Chapter Twenty One: The Recurring Blonde
Paris, 1875:
The Bibliotheque Mazarine was gorgeous. It would have been gorgeous even to someone who'd never read a book in their life. But, for someone whose every joy from the age of fifteen had been very firmly lodged in the printed word, it was a Garden of Eden.
In fact, Ellini wondered if the library's designers had had the Garden of Eden in mind when they'd built it, because the halls and galleries were lush with green tones. The shades on the oil lamps were the colour of moss. The bookshelves were interspersed with golden pillars which stretched like tree trunks to the high, domed ceiling. And the upper galleries which overlooked the main hall were bordered by iron lace-work balconies, with the elaborately twisted look of jungle creepers.
And, best of all, this Eden had no Adam.
Oh, there were plenty of Guillaumes and Jean-Pierres—the main hall was busy with dapper gentlemen, even at this time of night, wearing double-breasted frockcoats, glancing at their pocket watches, parading themselves in all their elegant splendour. But Ellini was studiously ignored by most of them, because they'd had a long time to familiarize themselves with the consequences of looking at the awkward, shy girl with the long black hair.

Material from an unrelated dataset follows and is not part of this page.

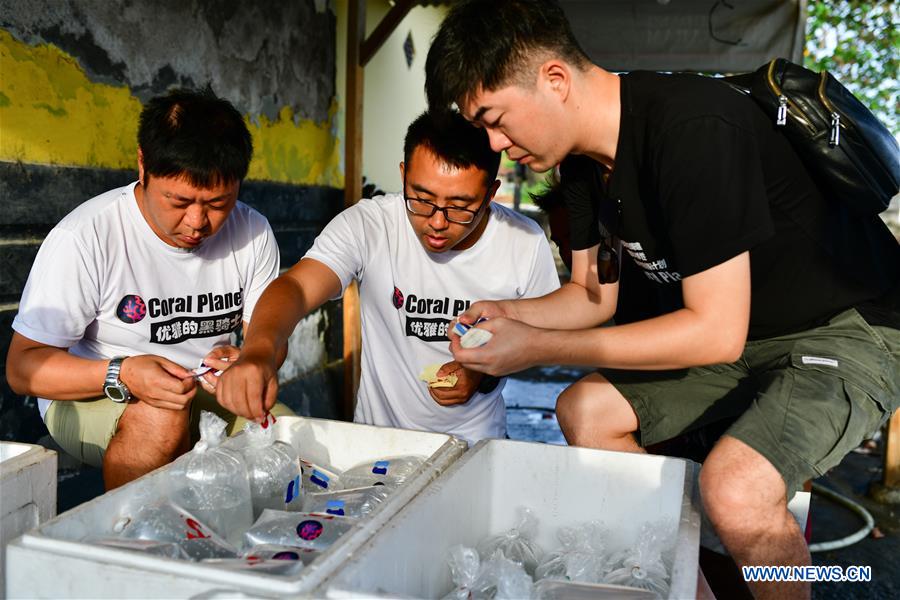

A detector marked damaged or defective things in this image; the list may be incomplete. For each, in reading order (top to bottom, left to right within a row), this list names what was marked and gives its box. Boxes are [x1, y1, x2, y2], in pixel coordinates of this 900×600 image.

peeling paint wall [0, 0, 344, 448]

She made her way to a gallery just off the main hall, where the books on Demonology were kept. It was a long room, with a lamp-lined table running down it. A few upper galleries overlooked it, but, by and large, the inhabitants of Paris had learned to avoid these too.
She turned to the shelves and ran her fingertips fondly along the nearest set of volumes. To her right was a ladder, twenty feet tall, ascending into the gloom, but she didn't stick to it. She had little feet and was used to clambering over the rooftops of Edinburgh, so she could keep her balance on the edges of the shelves.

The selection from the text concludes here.